According to a first aspect of the invention, there is provided a thermoelectric transducer formed from an undulating conductor having positive and negative inflection points arrangeable, in use, such that there is a temperature differential across the distance between the said positive and negative inflection points, the undulating conductor comprising a plurality of alternating conductor portions manufactured from different first and second electrically conductive materials, the alternating conductor portions being electrically interconnected to form a series of thermocouple junctions where they interconnect, and wherein the thermocouple junctions are located at substantially equal distances from their respective nearest inflection points.

The undulating conductor is suitably a bi-material conductor.

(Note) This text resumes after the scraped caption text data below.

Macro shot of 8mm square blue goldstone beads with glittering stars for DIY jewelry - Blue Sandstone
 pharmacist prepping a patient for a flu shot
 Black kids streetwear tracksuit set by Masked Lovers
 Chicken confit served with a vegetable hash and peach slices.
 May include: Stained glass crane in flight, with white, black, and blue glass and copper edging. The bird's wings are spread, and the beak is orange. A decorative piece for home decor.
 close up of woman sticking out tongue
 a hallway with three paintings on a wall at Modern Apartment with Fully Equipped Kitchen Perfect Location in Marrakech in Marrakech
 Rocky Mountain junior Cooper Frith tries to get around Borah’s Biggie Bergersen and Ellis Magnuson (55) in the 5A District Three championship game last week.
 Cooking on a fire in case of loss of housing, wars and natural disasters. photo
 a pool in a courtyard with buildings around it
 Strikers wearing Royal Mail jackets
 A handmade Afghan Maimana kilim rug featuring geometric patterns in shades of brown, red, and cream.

By using an undulating conductor incorporating a number of thermocouple junctions, it is possible to address more than one thermocouple simultaneously via electrical connections made at spaced apart points on the conductor. As such, the invention suitably provides a means of addressing a number of thermocouples simultaneously, which reduces the wiring requirements compared to addressing each thermocouple individually.

The conductor of the invention undulates, which may conveniently enable it to be positioned such that some or all of the positive inflection points are maintained at, or substantially at, a first temperature, whilst the negative inflection points are maintained at, or substantially at a second temperature that is different to the first temperature. Suitably, such a configuration enables the undulating conductor to be embedded in, or incorporated into, a support structure or material that places the positive and negative infection points on opposite sides of the support.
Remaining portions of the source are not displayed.